→ **Prompt**
With the pictures left out, transcribe exactly the lines from the one with "Stuhl Salinas Velvet" through the end of the data.
** Information provided follows **
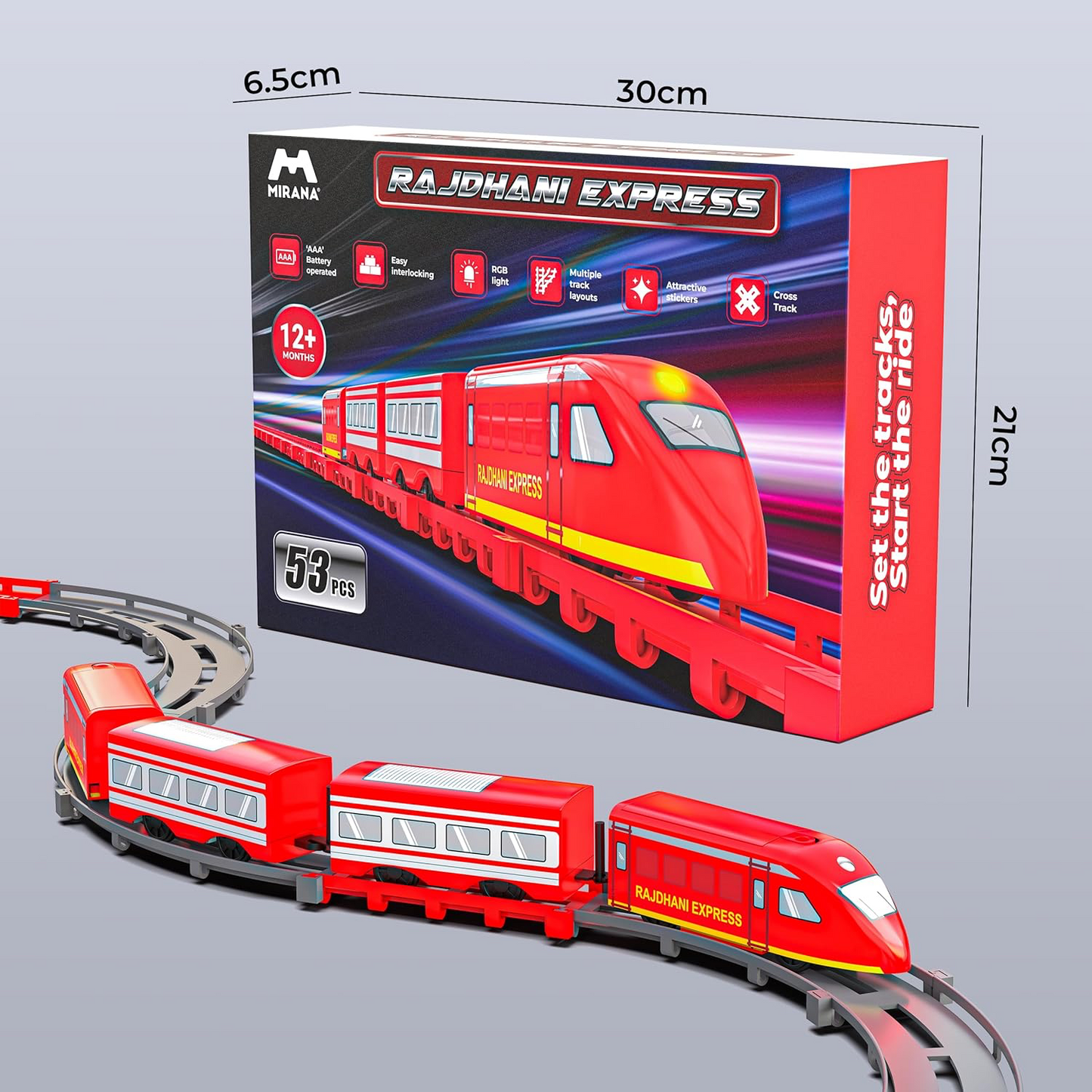 Mirana Rajdhani Express Electronic Train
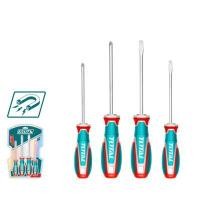 ราคา TOTAL ชุดไขควงหัวแม่เหล็ก แฉก-แบน รุ่น TKSDS0426 จำนวน 4 ชิ้น (YD28789)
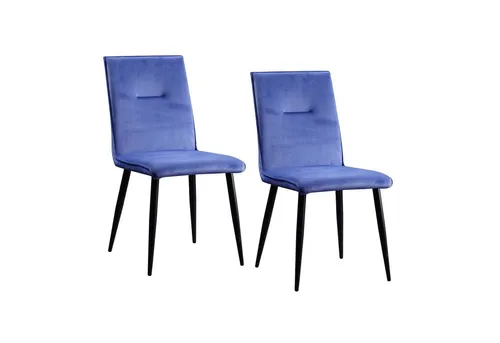 Stuhl Salinas Velvet Blau in blau von HTI-Line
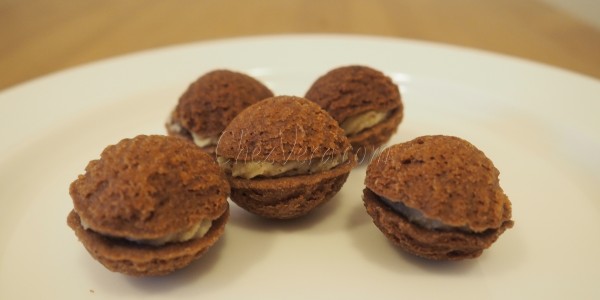 Walnut Shaped Cookies - a Slavic recipe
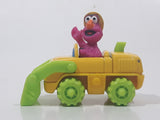 1997 Tyco Matchbox Sesame Street Animal Bull Dozer Front End Loader Yellow 3 1/4" Long Toy Vehicle
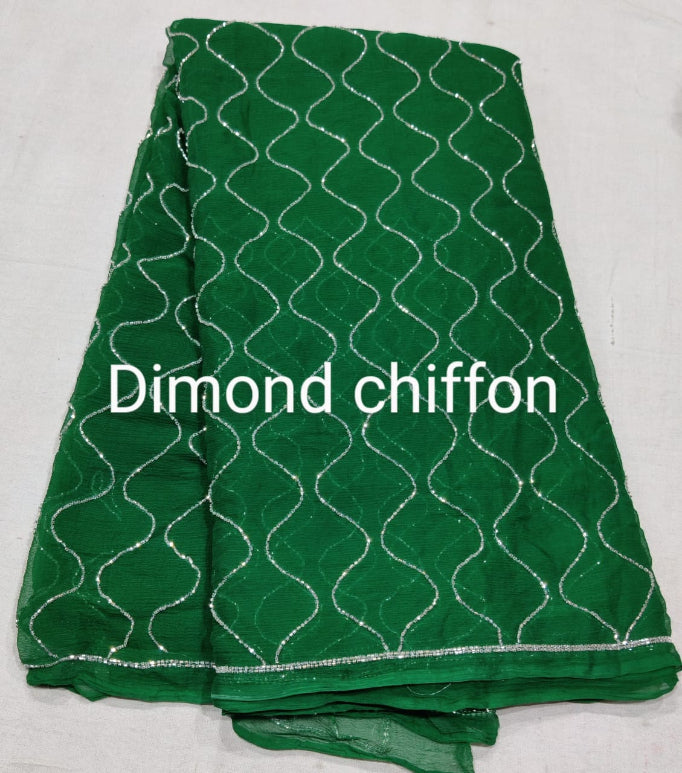 Soma Diamond Chiffon Saree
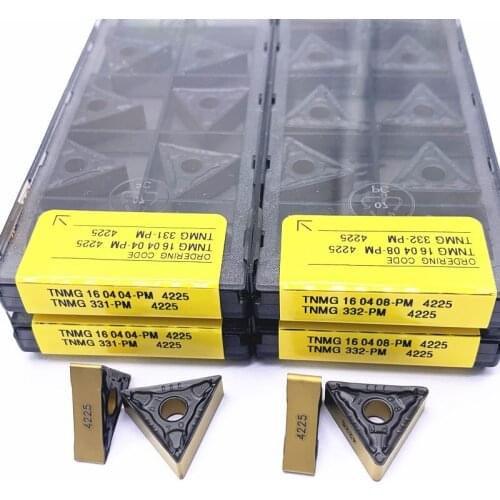 TNMG160404/TNMG160408 PM 4225 Carbide Insert Turning Inserts Tool CNC Metal Lathe Tool TNMG for steel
** End of Information provided **
→ **Exercise response**
 Stuhl Salinas Velvet Blau in blau von HTI-Line
 Walnut Shaped Cookies - a Slavic recipe
 1997 Tyco Matchbox Sesame Street Animal Bull Dozer Front End Loader Yellow 3 1/4" Long Toy Vehicle
 Soma Diamond Chiffon Saree
 TNMG160404/TNMG160408 PM 4225 Carbide Insert Turning Inserts Tool CNC Metal Lathe Tool TNMG for steel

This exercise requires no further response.